Always make sure you stand at a safe distance from your horse’s feet to ensure you are not stepped on if they decide to move unexpectedly. You should ALWAYS wear strong, sturdy footwear when you are planning to be around horses to prevent any unforeseen issues.

The Rider’s Body Language

Equally important, we want to be safe in the saddle!

Your first step as a beginner is book lessons with a professional.

Our job as riding instructors is to cover all of the aforementioned material and to make sure you are mounted on a beginner-safe horse that will allow you to make the mistakes that are necessary to learn how to ride correctly.

Much of what is covered in the saddle relates back to body language since a horse will continue to read your body language from the moment you catch them to the time you are on their back.

Remain Relaxed in the Saddle

If you are nervous and rigid sitting in the saddle, your horse may transcribe that as a threat. Why? We must remember that horses have a natural fight-or-flight instinct, and a nervous rider can amplify the issue when they squeeze with their legs and hunker over the saddle, a common response for riders when they think things aren’t going well. Unfortunately, this common response may actually cue your horse to move faster, causing the situation to progress negatively.

Vice versa, a rider who is relaxed with heels down and shoulders tall will imply confidence to their horse which will be well received and usually returned in full. Don’t forget to breathe! Breathing helps you remain calm, relaxed, and confident.

Confident Rider = Confident Horse

Proper Foot Placement

Foot placement in the stirrups is also essential to your safety. Only the ball of your foot should be in the stirrup. Placing your foot further into the stirrup will alter your balance as it prevents your heel from being able to go down and it poses a threat if you ever were to fall off, as it can lock your foot into the stirrup.

Steering and Control

Hand placement is crucial as your contact with the reins is the equivalent to your hold on the steering wheel. Bent elbows and a loose rein with little contact with bit unless you pull towards your pocket to slow down is ideal. However, if you have a “loose rein” and your horse picks up speed, you must be prepared to adjust your reins to reduce the slack in them. Otherwise, you will be pulling much farther and harder while making little to no contact with your horse’s mouth.

The Horse’s Body Language

Seeing the signs can keep you safe in other potentially dangerous situations. Just like your horse reads your body language, you can read theirs.

If a horse is irritable, they may pin their ears back tightly against their head, swish their tail violently, etc. If your horse is scared, you may see the whites around their eyes and will notice that they appear nervous and unsure, even frantic. If your horse is content, their ears will likely be twitching in various directions as they try to listen to their surroundings and what you are asking of them. They may also lick their lips and even cock their foot if they are at a standstill. If you see a sign indicating that they are irritable, whether it is at you or another horse, discipline them if it can be done safely and remove yourself in situations that may result in your harm otherwise.
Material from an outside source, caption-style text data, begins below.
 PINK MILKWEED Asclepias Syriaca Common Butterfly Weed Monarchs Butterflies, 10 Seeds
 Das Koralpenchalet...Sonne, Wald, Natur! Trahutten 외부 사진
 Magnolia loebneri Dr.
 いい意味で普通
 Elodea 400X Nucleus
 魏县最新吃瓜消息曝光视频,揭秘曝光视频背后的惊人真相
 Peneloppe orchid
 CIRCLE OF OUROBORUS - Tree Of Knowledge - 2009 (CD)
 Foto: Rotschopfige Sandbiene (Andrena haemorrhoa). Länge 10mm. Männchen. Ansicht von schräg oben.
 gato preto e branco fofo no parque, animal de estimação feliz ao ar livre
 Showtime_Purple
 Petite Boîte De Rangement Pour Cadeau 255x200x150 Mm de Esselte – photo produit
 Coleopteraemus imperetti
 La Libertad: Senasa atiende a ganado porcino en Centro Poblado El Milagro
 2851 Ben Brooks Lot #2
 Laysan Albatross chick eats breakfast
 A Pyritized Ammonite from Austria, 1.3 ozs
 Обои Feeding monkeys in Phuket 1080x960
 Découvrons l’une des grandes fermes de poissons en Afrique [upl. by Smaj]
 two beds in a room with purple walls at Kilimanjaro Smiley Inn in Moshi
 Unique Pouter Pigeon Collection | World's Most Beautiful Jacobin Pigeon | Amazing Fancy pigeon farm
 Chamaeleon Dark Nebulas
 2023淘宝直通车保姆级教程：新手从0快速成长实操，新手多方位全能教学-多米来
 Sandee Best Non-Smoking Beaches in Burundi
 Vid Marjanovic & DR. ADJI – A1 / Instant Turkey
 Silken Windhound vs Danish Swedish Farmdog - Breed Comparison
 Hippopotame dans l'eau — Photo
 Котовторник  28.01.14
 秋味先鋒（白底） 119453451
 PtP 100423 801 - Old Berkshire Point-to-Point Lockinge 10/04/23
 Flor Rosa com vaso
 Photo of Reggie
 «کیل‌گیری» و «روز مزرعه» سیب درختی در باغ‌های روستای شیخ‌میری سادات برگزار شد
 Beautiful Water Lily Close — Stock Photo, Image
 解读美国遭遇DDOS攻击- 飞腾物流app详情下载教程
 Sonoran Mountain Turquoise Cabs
When things do not go as planned…

There will be those times where you do everything ‘right’ and you still find yourself in an unintended situation. This could come in the form of a runaway horse, a bucking fit, a scary situation on the ground, etc. If you ever find yourself in a situation where you feel that control is lost, remind yourself of the basics to the best of your ability. Your worst enemy is your mind. In times of chaos, your mind will trick you into thinking that the situation is much worse than what it is and, in turn, usually causes things to result in a less-than-desirable way. If you can slow down and focus on the facts rather than assuming bailing is the best option,you will likely get better results without having to taste test the dirt. Panicking is never the answer.

If you have any questions, never hesitate to ask an experienced horse person. We all start somewhere and it’s a lot more fun learning when you can do it in a safe manner!